Ce sont des appels compliqués à gérer, avec beaucoup d'inquiétudes. Ce sont aussi des critères de diagnostic médical très précis, mais qui imposent une discussion, un échange. On a une plate forme de délestage à Strasbourg, avec des étudiants en médecine. On a un numéro vert national, mais qui renvoie sur une équipe dédiée à Mulhouse. Et surtout, on va augmenter fortement les effectifs aujourd'hui, avec des médecins libéraux, la réserve nationale. On va envoyer les personnels de l'Agence régionale de santé lundi, donc on va monter progressivement en régime. Mais je ne vous cache pas que c'est une situation qui est incroyablement difficile. "

Vous improvisez tous les jours ?

"Il faut s'adapter. Mais à la différence de beaucoup d'observateurs, je ne suis pas inquiet sur la capacité hospitalière. On est dans une région avec des hôpitaux très fort, très bien équipés, avec des personnels très compétents. On a organisé un mécanisme de solidarité pour l'hôpital de Mulhouse de façon à ce qu'il puisse faire prendre en charge des patients à Strasbourg, à Colmar, Haguenau, etc. On suit très précisément les capacités hospitalières d'accueil et la saturation de ses capacités. Et on a une politique de maintien à domicile, de confinement à domicile, mais surtout une politique aussi de retour à domicile après hospitalisation. "

S'il y a un stade 3, cela ressemblerait à quoi par rapport à ce qui existe déjà ?  

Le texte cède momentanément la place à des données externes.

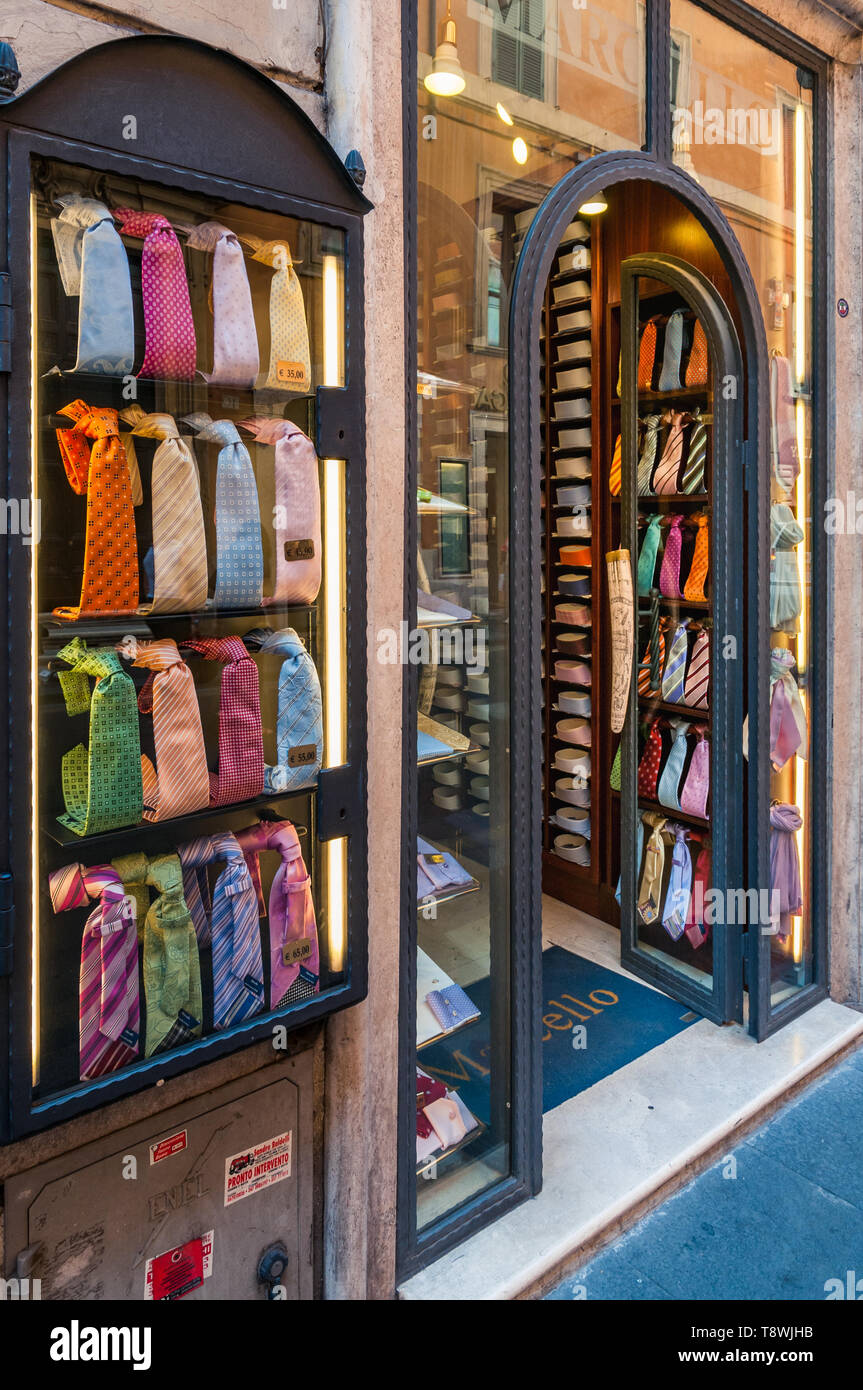 Rom, Italien, 4. SEPTEMBER 2010: Bunte Krawatten werden auf dem Display am Eingang von der Men's Fashion Store Marcello in der Via Condotti in Rom am s Stockfoto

"Je crois qu'il n'y a pas forcément de distinctions aussi marquées qu'on veut le croire. Ce qui est important, c'est que progressivement, vous faites face à une épidémie massive. Et progressivement, vous engagez davantage les médecins de ville, les infirmiers, les pharmaciens parce que progressivement, vous avez à prendre en charge des gens à domicile et vous avez assuré le retour le plus rapide possible après une hospitalisation."